ANNAPOLIS, MD – The Maryland Commission on African American History and Culture (MCAAHC) announces $1 million in available funds for African American preservation projects throughout the state of Maryland. The goal of the African American Heritage Preservation Program (AAHPP) is to identify and preserve buildings, communities, and sites of historical and cultural importance to the African American experience in Maryland. This year, the competitive annual program is celebrating its 10th anniversary. Since its inception, it has distributed nearly $10,000,000 to 115 preservation projects throughout Maryland (see map below). AAHPP is supported through an annual appropriation from the Maryland General Assembly and is administered as a joint partnership of the MCAAHC and the Maryland Historical Trust (MHT).

“The Commission’s primary function is to protect and preserve Black history in Maryland,” said Chanel Compton, MCAAHC Executive Director. “I am pleased that the State of Maryland has committed nearly $10 million in funding over the last 10 years to support 115 projects around the state. This ensures that future generations experience and learn from such valuable resources.”

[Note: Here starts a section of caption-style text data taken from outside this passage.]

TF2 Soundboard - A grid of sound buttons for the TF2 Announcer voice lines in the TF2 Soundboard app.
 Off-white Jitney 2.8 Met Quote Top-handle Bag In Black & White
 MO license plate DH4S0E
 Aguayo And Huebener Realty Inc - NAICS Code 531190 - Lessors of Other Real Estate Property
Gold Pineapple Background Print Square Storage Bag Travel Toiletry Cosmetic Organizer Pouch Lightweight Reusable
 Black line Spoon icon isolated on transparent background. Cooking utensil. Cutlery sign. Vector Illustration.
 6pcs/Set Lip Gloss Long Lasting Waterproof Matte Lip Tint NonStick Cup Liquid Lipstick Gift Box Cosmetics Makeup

MHT Map of Preservation Projects

Grant awards range from a minimum of $10,000 to a maximum of $100,000. Eligible applicants include non-profit organizations and local jurisdictions. Business entities and individuals may also apply for program grants when seeking funds for a preservation or development project that serves a high public purpose. Eligible projects include acquisition, construction, capital improvement, and certain predevelopment costs for African American heritage properties. Program guidelines and grant applications may be obtained from the Maryland Historical TrustThe deadline is 11:59 pm on Wednesday, July 1, 2020.

“The preservation of Maryland’s historic black landmarks is a vital service provided by the Commission,” said Rev. Dr. Tamara England Wilson, MCAAHC Chair. “I am proud to say that we are connecting Marylanders to the resources they need to protect and preserve Maryland’s rich African American history and culture.” 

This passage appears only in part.